We know and adore wines from three of the Terres et Vins producers: Francis Boulard, Laherte Frères and Benoît Lahaye, needless to say all of their cuvées were on song. Whilst we knew most of the remaining producers, we were less up to date with their champagnes so this was a good opportunity to get reacquainted and also sample some newer cuvées. Unfortunately there was little left from Alexandre Chartogne and Vincent Laval by the time we got to the front of the queue so we were unable to build a satisfactory knowledge of their wines. What we did get to taste was very good however.
Tricky choosing an outright favourite but we will plump for “La Matinale” 2003 by Champagne Tarlant, consisting of 45% Pinot Noir, 28% Chardonnay and 27% Pinot Meunier from five plots, where the average age of the vines is 45 years. Alcoholic fermentation is spontaneous, malolatic fermentation is blocked and there is no dosage. Benoît chose the name "La Matinale" as 2003 was particularly difficult; requiring much morning work. From the April frosts to summer tasks in the vineyard and finally to harvest iteslf when picking only took place between 6am and 11am to ensure the freshest grapes, avoiding the hot sun. The result for all this endeavour is a beautifully rich, nutty, spicy and honeyed wine with dried fruits, and caramel.
Other wines that caught our attention were:
Cuvée Risléus 2002 from Champagne Hubert Paulet: Vinified in oak and consisting of 47% Chardonnay, 33% Pinot Meunier and 20% Pinot Noir.

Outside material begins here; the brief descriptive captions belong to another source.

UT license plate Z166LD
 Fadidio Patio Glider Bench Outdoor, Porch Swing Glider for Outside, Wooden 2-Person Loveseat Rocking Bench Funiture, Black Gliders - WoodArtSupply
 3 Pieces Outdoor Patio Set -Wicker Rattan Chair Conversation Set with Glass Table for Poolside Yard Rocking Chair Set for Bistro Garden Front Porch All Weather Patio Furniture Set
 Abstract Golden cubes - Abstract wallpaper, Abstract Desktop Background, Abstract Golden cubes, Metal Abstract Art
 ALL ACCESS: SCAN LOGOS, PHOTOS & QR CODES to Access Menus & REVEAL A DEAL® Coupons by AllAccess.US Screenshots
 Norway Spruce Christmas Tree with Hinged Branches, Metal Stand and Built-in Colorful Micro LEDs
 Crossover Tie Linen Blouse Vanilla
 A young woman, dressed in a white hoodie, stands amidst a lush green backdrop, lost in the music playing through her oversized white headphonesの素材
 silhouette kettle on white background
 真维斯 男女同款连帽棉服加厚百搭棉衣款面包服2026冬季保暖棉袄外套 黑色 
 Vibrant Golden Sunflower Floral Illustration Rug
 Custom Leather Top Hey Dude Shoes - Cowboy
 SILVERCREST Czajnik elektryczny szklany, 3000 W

Quinte Essence from Champagne Franck Pascal: Consisting of 60% Pinot Noir, 25% Pinot Meunier and 15% Chardonnay.
L’Apôtre from Champagne David Lélapart: Consisting of 100% Chardonnay from a single plot of old vines aged in oak, extra-brut.
Le Mont Benoît 2011 from Emmanuel Brochet: 40% Pinot Meunier, 35% Pinot Noir and 25% Chardonnay vinified in fûts.
AND Montgueux 2009 by Champagne Vincent Couche (not for sale?): 100% Chardonnay vinified in fûts without filtration.